Serbia–Uzbekistan relations
- Serbia: Uzbekistan

= Serbia–Uzbekistan relations =

Serbia and Uzbekistan maintain diplomatic relations established between Uzbekistan and the Federal Republic of Yugoslavia (of which Serbia is considered sole legal successor) in 1995.

== History ==
On 29 October 2025, President of Serbia, Aleksandar Vučić, travelled to Tashkent. The two nations signed a joint declaration. Vučić stated "I hope that in the future we will conclude a free trade agreement, an investment protection agreement, and further strengthen economic and trade cooperation." Vučić also commended Uzbekistan for not recognizing the independence of Kosovo.

On 6 May 2026, Marko Đurić, Serbian minister of foreign affairs, met with Uzbek president Shavkat Mirziyoyev and Uzbek foreign minister, Bakhtiyor Saidov. The two nations discussed labor migration, culture, and education.

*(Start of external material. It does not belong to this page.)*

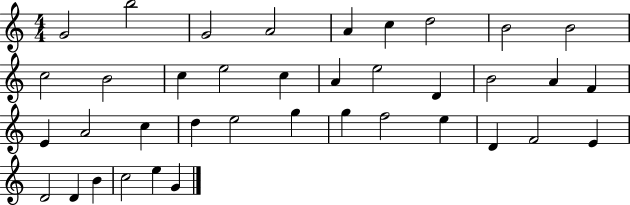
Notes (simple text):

G4/h B5/h G4/h A4/h A4/q C5/q D5/h B4/h B4/h C5/h B4/h C5/q E5/h C5/q A4/q E5/h D4/q B4/h A4/q F4/q E4/q A4/h C5/q D5/q E5/h G5/q G5/q F5/h E5/q D4/q F4/h E4/q D4/h D4/q B4/q C5/h E5/q G4/q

=== Uzbekistan's stance on Kosovo ===
Uzbekistan does not recognize Kosovo, as Uzbekistan has maintained its stance with Serbia on the issue, respecting Serbia's territorial integrity and sovereignty.

== High-level visits ==
High level visits from Serbia to Uzbekistan
- Aleksandar Vučić (29 October 2025)
- Marko Đurić (6 May 2026)

High level visits from Uzbekistan to Serbia

== Economic relations ==
In 2025, both nations traded for $44 million (€37.7 million), with $27.5 million (€23.6 million) going from Serbia to Uzbekistan, and $16.4 million (€14.1 million) going from Uzbekistan to Serbia.

==Diplomatic missions==
- Serbia is represented in Uzbekistan through its embassy in Moscow (Russia).
- Uzbekistan is represented in Serbia through its embassy in Vienna (Austria).